• **THE DATA**:
▬▬▬▬▬▬▬▬▬▬
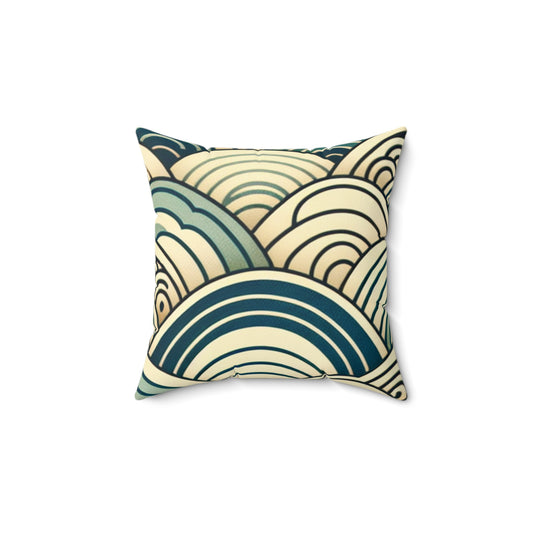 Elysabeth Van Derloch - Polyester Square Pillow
▬▬▬▬▬▬▬▬▬▬
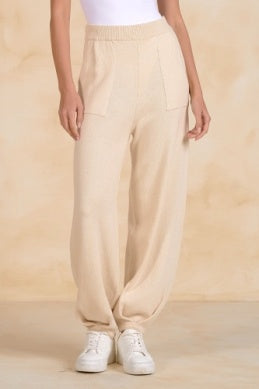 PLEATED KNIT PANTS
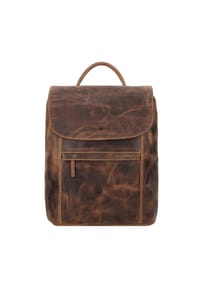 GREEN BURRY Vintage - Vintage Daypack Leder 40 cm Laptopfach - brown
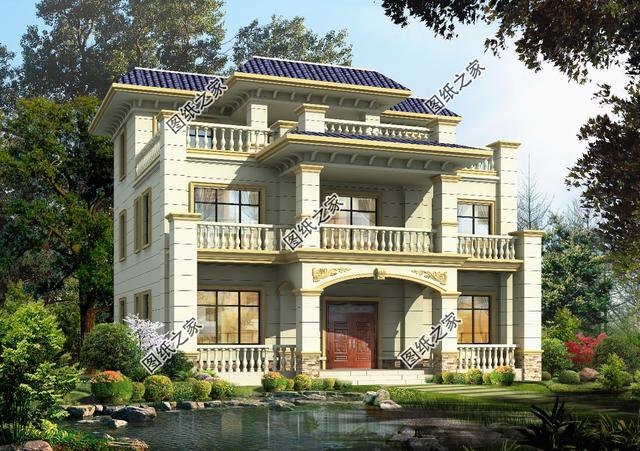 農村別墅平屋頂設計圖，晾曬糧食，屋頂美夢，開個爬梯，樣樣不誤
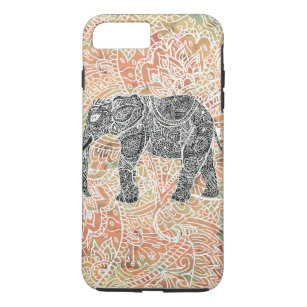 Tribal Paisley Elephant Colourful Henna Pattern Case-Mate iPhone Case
▬▬▬▬▬▬▬▬▬▬
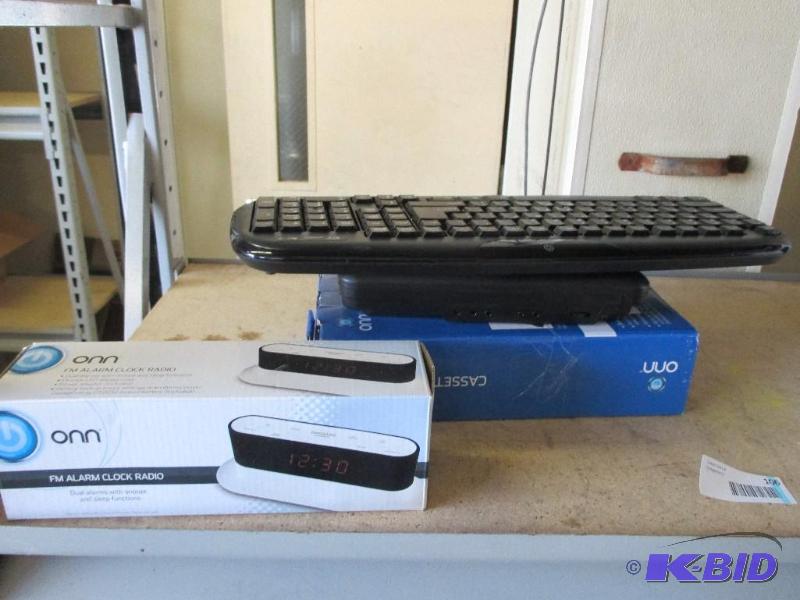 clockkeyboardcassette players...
▬▬▬▬▬▬▬▬▬▬
• **PROBLEM STATEMENT**:
Leaving all pictures out, output exactly the lines of the material above from the line with "GREEN BURRY Vintage" to the line with "Tribal Paisley Elephant", both included.

• **ANSWER AREA**:
 GREEN BURRY Vintage - Vintage Daypack Leder 40 cm Laptopfach - brown
 農村別墅平屋頂設計圖，晾曬糧食，屋頂美夢，開個爬梯，樣樣不誤
 Tribal Paisley Elephant Colourful Henna Pattern Case-Mate iPhone Case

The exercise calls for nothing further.